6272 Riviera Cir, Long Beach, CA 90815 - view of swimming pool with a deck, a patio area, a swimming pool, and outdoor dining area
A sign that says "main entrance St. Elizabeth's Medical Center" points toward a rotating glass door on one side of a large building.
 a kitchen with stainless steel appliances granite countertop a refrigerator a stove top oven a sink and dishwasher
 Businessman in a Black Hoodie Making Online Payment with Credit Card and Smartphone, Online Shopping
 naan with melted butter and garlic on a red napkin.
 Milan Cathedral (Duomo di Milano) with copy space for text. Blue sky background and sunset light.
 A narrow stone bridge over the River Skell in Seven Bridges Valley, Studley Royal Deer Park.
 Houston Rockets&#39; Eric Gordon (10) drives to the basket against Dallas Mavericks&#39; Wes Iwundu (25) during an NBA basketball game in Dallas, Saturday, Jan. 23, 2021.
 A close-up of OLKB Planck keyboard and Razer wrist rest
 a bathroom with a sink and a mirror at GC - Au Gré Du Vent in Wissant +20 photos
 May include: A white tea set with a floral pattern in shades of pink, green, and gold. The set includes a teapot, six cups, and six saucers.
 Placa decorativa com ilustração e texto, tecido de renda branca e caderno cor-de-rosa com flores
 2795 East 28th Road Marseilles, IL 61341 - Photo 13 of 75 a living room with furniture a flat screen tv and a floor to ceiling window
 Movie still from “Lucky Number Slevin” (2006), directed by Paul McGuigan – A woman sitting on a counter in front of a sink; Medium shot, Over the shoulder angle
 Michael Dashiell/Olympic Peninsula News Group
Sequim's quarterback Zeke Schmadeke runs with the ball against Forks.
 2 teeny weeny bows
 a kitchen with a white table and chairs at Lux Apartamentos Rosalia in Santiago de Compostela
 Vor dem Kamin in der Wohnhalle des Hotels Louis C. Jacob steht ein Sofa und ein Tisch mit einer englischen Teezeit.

───

§ **Exercise description**
If a line comes after the one that contains "A sign that", leave it out; return every line of the entries up to that point exactly, starting with the first, with that line included.

§ **Problem solution**
6272 Riviera Cir, Long Beach, CA 90815 - view of swimming pool with a deck, a patio area, a swimming pool, and outdoor dining area
A sign that says "main entrance St. Elizabeth's Medical Center" points toward a rotating glass door on one side of a large building.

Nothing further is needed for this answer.